For much of the retreat, the students gathered at the Double Tree Hotel in Milford with professional development and industry experts. The students participated in exercises and workshops that helped them to assess their interests, improve their interviewing and social networking skills, and create personal elevator pitches.
At the culminating panel, O'Leary-exceling as moderator-and the students posed questions to four senior executives about career paths and mobility, adaptation and resilience, networking and team building, and management styles and leadership.
Adaptive flexibility is critical to upward career mobility, emphasized Tom Heiser '84 MBA, executive vice president of Cloud Strategy & Execution and former president of EMC's RSA Security division. Embrace different experiences and differentiate yourself. Consider horizontal career moves that expand your experiences and skill set. "Be ready," he urged, "to hit the curveball."
"Failing is part of success; get out of your comfort zone," added Jim Buonomo '76 MBA, former CFO of Nypro, a high-quality plastics manufacturer. "Use your company's resources to find the best path for you." For Buonomo, that included working in Asia for 13 years.
"Your years in the MBA program are a great gift," observed Denise Coll '75 ['95 MBA, Simmons], former president of Starwood Hotels & Resorts Worldwide's North American division. Take the time as MBA students, she urged, for "self-reflection." Experience and determine "what you're good at; what you're passionate about." And, she added, make the most of the cultural and professional diversity of your classmates in sharing learning experiences with each other.
"All CEOs have resiliency characteristics. What else makes for a good leader?" O'Leary asked the panelists. "A lack of hubris," underscored State Street's chief compliance officer, Cuan Coulter. "It's easy to fall in love with your own marketing story. You're in a dangerous spot if you try to be somebody you aren't." "Articulate your strategy and get out of the way," added Coll. "Let people do what they do. Mix up your team by surrounding yourself with great talent-skills that you [yourself] don't have."
Following the panel discussion, the students chatted one-on-one with the panelists and with twenty recent MBA graduates spanning the classes of 2004 through 2014. "Isenberg has a number of very successful, highly engaged alumni," noted Associate Dean for Professional Programs John Wells. "This is a tremendous opportunity for students to start building their networks even before they take their first class.
"Putting professional development up front, I think, got the students off to a strong start and gave them a perspective that will greatly add to their MBA careers," said Mike Sedelmeyer '13, a dual MBA/MPPA (public policy and administration) graduate and former president of the Graduate Business Association, Isenberg's principal MBA student organization. "Improving professional development services was a concern of my classmates.

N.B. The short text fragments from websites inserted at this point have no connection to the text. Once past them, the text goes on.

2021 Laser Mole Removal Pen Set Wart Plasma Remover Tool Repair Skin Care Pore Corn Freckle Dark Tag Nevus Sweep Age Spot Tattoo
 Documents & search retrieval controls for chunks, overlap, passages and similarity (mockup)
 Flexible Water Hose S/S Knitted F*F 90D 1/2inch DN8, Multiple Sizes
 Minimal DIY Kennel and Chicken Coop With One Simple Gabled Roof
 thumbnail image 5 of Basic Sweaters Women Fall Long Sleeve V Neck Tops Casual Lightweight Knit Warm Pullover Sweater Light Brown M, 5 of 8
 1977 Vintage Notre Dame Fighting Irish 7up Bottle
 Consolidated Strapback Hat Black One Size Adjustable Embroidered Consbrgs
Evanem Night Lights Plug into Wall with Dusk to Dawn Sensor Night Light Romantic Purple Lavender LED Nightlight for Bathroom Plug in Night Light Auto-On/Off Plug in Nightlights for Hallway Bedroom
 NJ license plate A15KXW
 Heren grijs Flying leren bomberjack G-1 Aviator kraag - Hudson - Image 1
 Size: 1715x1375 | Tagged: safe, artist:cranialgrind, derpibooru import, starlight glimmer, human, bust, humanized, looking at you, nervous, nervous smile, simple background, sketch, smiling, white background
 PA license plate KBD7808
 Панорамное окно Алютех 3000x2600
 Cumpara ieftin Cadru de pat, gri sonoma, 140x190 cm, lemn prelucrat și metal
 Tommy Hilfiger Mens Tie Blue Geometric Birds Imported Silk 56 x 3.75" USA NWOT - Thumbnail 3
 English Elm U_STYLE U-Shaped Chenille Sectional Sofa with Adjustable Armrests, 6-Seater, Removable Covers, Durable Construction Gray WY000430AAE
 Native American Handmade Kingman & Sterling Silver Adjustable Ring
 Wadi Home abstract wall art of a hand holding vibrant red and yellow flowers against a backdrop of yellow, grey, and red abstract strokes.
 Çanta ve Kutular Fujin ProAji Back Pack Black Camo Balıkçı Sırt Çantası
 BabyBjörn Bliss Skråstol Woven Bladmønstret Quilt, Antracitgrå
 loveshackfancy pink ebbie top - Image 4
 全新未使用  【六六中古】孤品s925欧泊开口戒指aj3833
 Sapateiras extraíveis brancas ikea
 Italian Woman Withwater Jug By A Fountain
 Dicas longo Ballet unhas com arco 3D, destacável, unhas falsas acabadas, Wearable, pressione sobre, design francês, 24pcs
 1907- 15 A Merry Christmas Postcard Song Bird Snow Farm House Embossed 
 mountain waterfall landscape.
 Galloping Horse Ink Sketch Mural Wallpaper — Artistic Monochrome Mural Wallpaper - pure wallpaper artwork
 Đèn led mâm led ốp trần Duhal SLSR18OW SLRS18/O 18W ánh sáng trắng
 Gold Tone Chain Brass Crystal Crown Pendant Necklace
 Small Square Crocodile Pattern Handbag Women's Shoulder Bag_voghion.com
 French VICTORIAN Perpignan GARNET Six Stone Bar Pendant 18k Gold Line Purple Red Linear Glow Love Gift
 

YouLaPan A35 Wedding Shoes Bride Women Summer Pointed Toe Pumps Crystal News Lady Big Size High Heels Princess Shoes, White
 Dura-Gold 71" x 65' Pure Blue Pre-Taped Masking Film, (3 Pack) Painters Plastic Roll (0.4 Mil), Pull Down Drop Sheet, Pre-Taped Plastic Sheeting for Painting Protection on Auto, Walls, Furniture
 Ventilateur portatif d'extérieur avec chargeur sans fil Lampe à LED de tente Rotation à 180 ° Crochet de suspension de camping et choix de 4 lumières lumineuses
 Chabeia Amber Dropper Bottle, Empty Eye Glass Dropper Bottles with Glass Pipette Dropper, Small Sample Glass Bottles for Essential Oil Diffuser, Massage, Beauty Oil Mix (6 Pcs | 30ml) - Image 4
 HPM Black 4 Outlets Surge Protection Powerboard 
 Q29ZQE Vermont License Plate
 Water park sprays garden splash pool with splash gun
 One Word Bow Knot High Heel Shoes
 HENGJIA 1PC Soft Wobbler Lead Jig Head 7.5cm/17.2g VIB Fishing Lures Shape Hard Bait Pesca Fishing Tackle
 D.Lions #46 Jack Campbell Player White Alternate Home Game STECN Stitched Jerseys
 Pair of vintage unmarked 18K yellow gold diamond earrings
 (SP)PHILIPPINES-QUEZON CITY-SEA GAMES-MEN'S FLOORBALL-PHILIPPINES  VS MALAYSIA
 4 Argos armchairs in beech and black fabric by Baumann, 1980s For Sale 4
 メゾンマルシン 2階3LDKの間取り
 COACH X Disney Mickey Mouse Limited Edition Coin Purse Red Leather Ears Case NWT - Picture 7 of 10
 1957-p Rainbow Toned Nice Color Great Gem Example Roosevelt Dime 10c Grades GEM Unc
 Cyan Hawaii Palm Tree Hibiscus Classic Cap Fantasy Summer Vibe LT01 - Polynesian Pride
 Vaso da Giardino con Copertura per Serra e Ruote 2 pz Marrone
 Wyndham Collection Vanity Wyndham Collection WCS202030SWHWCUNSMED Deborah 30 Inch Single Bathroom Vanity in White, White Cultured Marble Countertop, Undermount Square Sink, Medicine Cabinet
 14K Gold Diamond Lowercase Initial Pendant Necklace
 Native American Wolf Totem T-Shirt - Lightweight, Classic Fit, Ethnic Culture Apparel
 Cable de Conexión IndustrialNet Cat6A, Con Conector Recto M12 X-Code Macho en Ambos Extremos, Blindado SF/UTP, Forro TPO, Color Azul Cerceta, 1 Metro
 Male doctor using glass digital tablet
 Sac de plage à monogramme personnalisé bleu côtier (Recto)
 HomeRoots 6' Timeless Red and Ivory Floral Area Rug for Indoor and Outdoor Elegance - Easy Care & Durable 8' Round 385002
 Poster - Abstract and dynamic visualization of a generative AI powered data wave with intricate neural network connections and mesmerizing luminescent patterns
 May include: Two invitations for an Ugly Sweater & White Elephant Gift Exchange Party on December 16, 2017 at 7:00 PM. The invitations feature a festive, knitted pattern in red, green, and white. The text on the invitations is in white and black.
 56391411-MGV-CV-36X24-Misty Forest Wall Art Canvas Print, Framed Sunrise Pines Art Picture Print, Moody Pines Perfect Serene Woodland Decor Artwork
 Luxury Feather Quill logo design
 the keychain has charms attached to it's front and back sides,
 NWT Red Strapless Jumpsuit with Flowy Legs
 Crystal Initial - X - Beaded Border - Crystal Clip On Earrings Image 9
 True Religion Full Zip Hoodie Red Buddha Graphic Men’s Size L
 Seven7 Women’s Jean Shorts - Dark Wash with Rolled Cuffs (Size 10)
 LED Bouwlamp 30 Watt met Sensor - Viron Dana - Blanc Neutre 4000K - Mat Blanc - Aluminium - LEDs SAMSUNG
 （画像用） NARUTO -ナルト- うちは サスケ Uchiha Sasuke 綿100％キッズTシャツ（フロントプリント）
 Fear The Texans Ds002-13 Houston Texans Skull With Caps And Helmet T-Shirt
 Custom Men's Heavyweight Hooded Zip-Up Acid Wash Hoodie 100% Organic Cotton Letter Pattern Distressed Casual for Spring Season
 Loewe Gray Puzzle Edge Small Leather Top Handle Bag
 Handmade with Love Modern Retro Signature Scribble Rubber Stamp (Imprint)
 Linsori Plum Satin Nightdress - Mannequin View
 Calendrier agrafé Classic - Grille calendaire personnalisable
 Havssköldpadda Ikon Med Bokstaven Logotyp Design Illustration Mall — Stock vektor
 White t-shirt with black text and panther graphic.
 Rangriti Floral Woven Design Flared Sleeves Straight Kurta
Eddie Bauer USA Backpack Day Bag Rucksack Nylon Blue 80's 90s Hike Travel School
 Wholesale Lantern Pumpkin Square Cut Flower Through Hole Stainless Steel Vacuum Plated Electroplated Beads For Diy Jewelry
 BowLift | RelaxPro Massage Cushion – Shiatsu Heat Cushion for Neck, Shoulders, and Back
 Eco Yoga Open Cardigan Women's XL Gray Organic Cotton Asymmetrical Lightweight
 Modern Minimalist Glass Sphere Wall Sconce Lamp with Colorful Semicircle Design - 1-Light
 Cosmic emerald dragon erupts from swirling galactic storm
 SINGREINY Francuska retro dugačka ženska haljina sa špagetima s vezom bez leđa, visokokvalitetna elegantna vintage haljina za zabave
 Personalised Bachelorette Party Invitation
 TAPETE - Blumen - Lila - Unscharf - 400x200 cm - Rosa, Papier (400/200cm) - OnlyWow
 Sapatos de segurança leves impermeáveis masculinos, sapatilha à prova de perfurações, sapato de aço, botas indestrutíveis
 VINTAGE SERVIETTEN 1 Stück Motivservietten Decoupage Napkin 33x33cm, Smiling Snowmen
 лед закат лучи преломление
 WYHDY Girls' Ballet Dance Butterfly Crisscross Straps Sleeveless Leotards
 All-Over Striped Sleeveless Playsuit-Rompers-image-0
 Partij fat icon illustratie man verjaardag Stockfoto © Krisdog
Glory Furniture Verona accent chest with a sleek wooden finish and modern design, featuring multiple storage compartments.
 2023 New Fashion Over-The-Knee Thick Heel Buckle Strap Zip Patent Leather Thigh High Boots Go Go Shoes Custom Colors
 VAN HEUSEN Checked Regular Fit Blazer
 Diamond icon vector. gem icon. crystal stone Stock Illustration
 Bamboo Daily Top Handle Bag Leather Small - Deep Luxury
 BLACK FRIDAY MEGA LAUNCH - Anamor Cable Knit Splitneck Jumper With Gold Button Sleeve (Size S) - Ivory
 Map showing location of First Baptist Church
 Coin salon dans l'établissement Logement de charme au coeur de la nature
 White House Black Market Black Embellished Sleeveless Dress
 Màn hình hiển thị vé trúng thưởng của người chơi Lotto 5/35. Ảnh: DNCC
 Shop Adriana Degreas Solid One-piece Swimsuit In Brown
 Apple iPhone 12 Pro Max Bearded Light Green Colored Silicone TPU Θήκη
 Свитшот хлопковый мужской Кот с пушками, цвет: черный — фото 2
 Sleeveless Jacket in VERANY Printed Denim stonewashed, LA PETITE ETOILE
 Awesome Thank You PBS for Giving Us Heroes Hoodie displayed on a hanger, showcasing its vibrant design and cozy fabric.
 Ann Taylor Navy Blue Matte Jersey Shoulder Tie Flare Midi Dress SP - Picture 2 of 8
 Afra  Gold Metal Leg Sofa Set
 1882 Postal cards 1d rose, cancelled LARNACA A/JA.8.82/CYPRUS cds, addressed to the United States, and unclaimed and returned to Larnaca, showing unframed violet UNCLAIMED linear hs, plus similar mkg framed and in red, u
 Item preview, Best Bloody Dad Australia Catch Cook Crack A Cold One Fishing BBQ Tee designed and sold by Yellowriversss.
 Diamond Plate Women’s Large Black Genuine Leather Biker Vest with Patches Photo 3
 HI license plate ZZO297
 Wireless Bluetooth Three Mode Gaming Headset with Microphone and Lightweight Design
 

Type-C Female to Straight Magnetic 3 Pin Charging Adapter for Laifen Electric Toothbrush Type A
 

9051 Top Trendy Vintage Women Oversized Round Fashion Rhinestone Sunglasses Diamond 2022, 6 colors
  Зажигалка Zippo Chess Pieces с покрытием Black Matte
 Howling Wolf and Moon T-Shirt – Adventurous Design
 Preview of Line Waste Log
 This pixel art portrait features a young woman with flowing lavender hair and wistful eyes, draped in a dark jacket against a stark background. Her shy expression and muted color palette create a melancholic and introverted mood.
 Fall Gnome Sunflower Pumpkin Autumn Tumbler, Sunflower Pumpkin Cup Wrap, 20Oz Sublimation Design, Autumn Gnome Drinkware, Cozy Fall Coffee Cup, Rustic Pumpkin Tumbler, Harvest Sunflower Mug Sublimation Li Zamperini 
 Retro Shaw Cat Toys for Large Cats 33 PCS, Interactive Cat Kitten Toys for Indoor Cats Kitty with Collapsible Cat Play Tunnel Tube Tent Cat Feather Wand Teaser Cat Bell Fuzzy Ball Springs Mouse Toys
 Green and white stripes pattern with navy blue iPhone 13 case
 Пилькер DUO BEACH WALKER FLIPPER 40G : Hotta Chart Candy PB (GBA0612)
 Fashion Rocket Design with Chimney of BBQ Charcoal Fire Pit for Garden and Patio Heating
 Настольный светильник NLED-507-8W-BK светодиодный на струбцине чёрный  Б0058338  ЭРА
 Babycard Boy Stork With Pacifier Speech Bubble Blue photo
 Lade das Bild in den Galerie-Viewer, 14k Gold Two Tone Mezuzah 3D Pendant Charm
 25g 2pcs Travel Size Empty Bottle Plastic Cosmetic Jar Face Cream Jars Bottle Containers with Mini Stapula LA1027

Isenberg appears to be taking that concern seriously," added Sedelmeyer, who is Senior Program Manager with EMC.
O'Leary credits Dean Mark Fuller and Associate Dean John Wells for driving those innovations. "The orientation was not a one-and-done affair," he remarked. "There will be follow-through; for example, in helping students plan for internships, which they must consider sooner rather than later in their MBA careers."
Once the word gets out, Isenberg's innovations, which O'Leary described as "approaching unique," will elevate the program's national reputation, while energizing its alumni base, he predicted. In its support for the orientation, State Street, he noted, is extending an already strong relationship with UMass and Isenberg, which has yielded numerous internships for students in the firm's Hadley office. State Street, he added, values the opportunity to recruit Isenberg's MBA students, especially considering the MBA program's growing curricular emphasis on analytics, risk assessment, and compliance. "In the new regulatory environment, those are skills that would attract any financial services firm," O'Leary observed.
*The MBA Fellows Program offers all full-time MBA students two years of full financial support, health care benefits, and an annual stipend. In exchange, they dedicate time to Isenberg and play a consulting role, interacting with the school's senior management on strategic and operational challenges.